(Stored data)
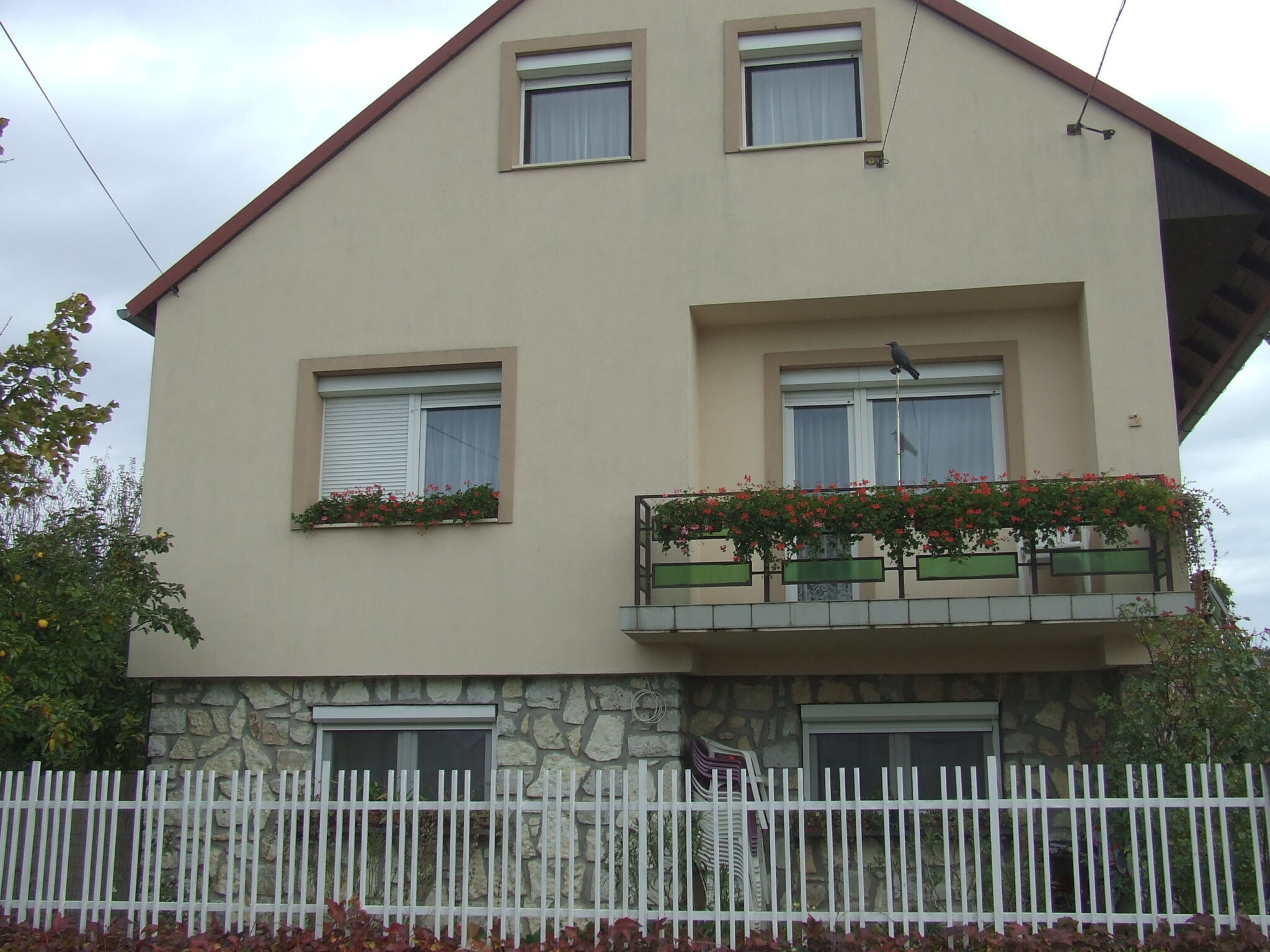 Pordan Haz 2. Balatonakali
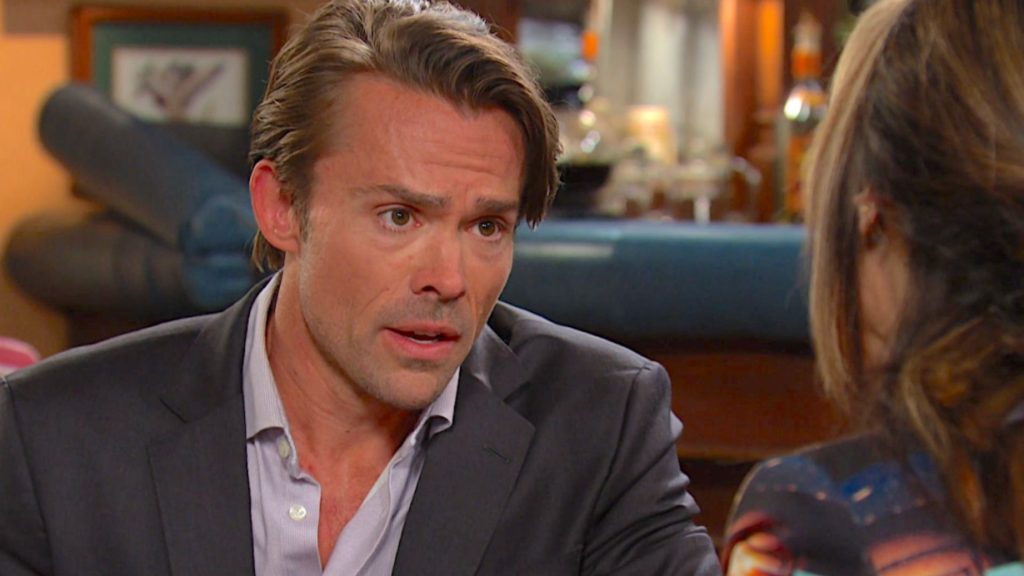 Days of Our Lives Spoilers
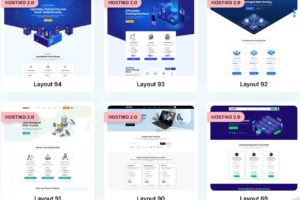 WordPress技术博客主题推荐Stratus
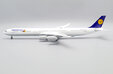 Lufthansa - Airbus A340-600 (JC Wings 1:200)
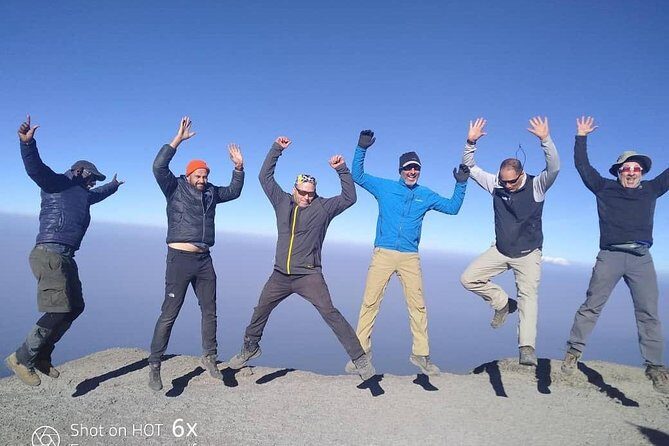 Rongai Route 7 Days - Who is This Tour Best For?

Required work:
The reply should hold every record, unchanged, and no pictures.

Task answer:
 Pordan Haz 2. Balatonakali
 Days of Our Lives Spoilers
 WordPress技术博客主题推荐Stratus
 Lufthansa - Airbus A340-600 (JC Wings 1:200)
 Rongai Route 7 Days - Who is This Tour Best For?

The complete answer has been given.